3. The method as recited in claim 1, wherein utilizing an SCG to iteratively compute the first approximating function comprises

utilizing a stochastic conjugate gradient method on functions (SCGF) to iteratively compute the first approximating function

4. The method as recited in claim 3, wherein utilizing an SCGF to iteratively compute the first approximating function comprises

utilizing an SCGF for multivariate functions to iteratively compute the first approximating function.

5. A method for approximating a function comprising:

utilizing a stochastic conjugate gradient method (SCG) to compute a first approximating function using a set of basis functions and a first set of input data and a first set of output data;

generating a second set of output data using the first approximating function;

computing a second approximating function using a second set of input data and the second set of output data.

6. The method as recited in claim 5, wherein utilizing an SCG to compute the first approximating function comprises

utilizing an SCG for multivariate functions to compute the first approximating function.

7. The method as recited in claim 5, wherein utilizing an SCG to compute the first approximating function comprises

utilizing an SCG in which functions are represented by look-up-tables to compute the first approximating function.
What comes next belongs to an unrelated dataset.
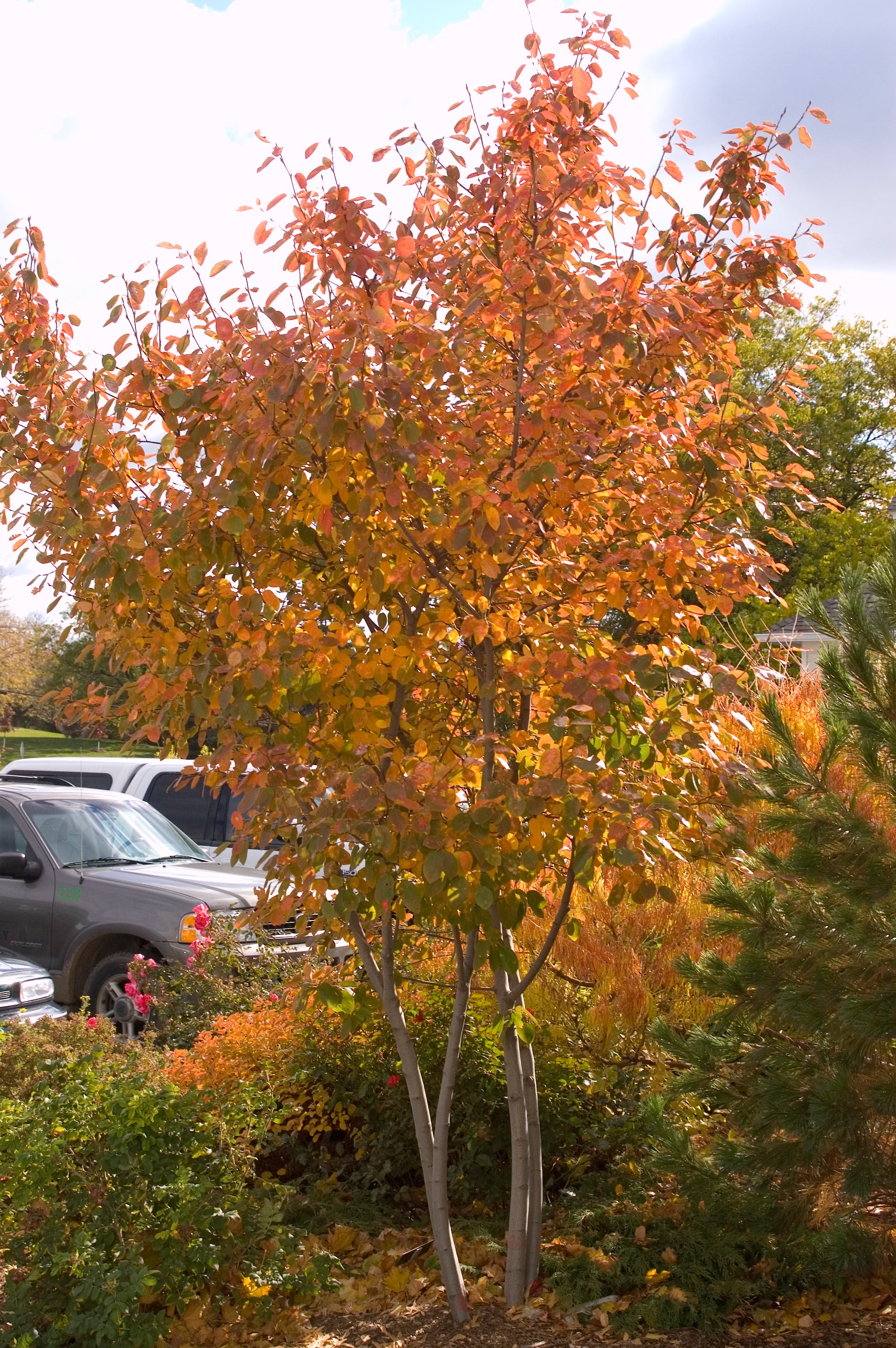 Landscape Trees, Shaner Nursery, Rockford Mi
8. The method as recited in claim 5, wherein utilizing an SCG to compute the first approximating function comprises

utilizing a stochastic conjugate gradient method on functions (SCGF) to compute the first approximating function

9. The method as recited in claim 8, wherein utilizing an SCGF to compute the first approximating function comprises

utilizing an SCGF for multivariate functions to compute the first approximating function.

10. The method as recited in claim 5, wherein utilizing an SCG to compute the first approximating function comprises

utilizing an SCG with multiple iterations to compute the first approximating function.

11. The method as recited in claim 5, further comprising

computing a residual using the first set of input data and the first set of output data;

computing a search direction based on the residual and the set of basis functions.

12. The method as recited in claim 11, wherein computing the second approximating function using the second set of input data and the second set of output data comprises

computing the second approximating function additionally using the search direction.

13. The method as recited in claim 5, wherein generating a second set of output data using the first approximating function comprises

using the first approximating function as a predistorter.

14. A function approximator comprising:

interface circuitry; and

logic circuitry, coupled to the interface circuitry,

adapted to utilize a stochastic conjugate gradient method (SCG) to iteratively compute a first approximating function using a set of basis functions,

adapted to receive via the interface circuitry output data generated using the first approximating function, and

adapted to compute a second approximating function using the output data.

15. The function approximator as recited in claim 14, wherein the logic circuitry comprises at least a portion of a field-programmable gate array (FPGA).

16. The function approximator as recited in claim 14, wherein the logic circuitry comprises at least a portion of an application-specific integrated circuit (ASIC).

17. The function approximator as recited in claim 14, wherein the logic circuitry comprises a memory unit.